Buya Hamka tetap menganggap baik cara pengambilan ilmu dengan sanad model klasik. Hanya saja kata Hamka, ada juga orang yang merasa telah mengambil sanad terjerumus kepada kultus, yang dampaknya menolak kelompok lain.
“Ditilik dari segi jang lain dan kenjataan sehari-hari jang kita lihat, menundjukkan bahwa Idjazah dari guru dan Isnad itu menimbulkan Kultus Perseorangan, memudja guru. Tidak ada guru jang sebenar guru sadja!. Tidak ada satu idjazah jang tulen ilmunja kalau bukan dari guru saja!”
Akibat kultus ini berakibat efek lain. Misalnya bersikap keras, menjadi fanatik, dan selain dari gurunya dianggap tak benar, dan yang benar hanyalah golongannya, tidak mau memperhatikan dasar pendirian orang lain, benci kepada orang yang tak sepaham dan efek buruk lainnya.
“Orang2 sematjam ini susah buat diadjak bitjara. Susah buat diadjak bertukar fikiran. Sebab segala ilmu didunia ini tidak ada jang boleh diterima, kalau tidak mendapat idjazah dari Sjaihch mereka sendiri,” kata Buya Hamka.
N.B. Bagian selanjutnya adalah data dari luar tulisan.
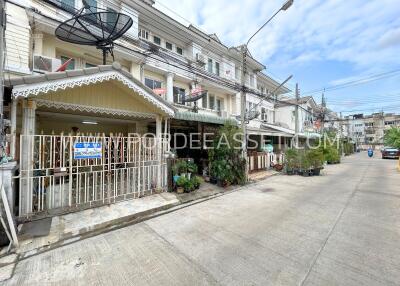 Exterior view of a multi-storey residential building with satellite dishes and potted plants.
Faktanya, kata Buya Hamka, terkadang ijazah-ijazah atau sanad–sanad itu tidak menjadi ilmu yang dapat diketengahkan. Ia diambil semata-mata untuk membatasi diri dan memamerkan kebesaran guru kepada murid. Kadang-kadang sang guru secara eksklusif berpesan kepada murid agar tidak bergaul dengan orang lain.
Hamka dalam hal ini menyebutkan beberapa contoh di lapangan yang menyalahgunakan sanad dan ijazah guru.
“Umumnja mereka tidak mau bergaul ke tengah, karena dengan mengisolasikan diri itulah mereka merasa selalu menang dan selalu di pihak benar! Mereka enggan bahwa pendirian atau kebenaran mereka akan dapat diudji dan diperbandingkan dengan pendapat jang lain,” kata Hamka.
Dari penjelasan Buya Hamka, poin pentingnya di antaranya: sanad keilmuan itu memang penting (dalam pengertian perlu guru dan pembimbing otoritatif dalam belajar ilmu agama).
Hanya saja tidak boleh pada taraf menjadikan orang fanatik, bahkan mempergunakannya untuk kepentingan pribadi dan golongan sehingga menegasikan yang lain. Maka dalam hal ini, umat perlu hati-hati betul dalam penggunaan istilah ini.
Belum lagi pengertian sanad yang berbeda-beda antar golongan. Orang bermazhab salaf juga menyerukan ilmu harus ada sanad, kalangan tradisionalis salafaiyah juga mengaku harus bersanad.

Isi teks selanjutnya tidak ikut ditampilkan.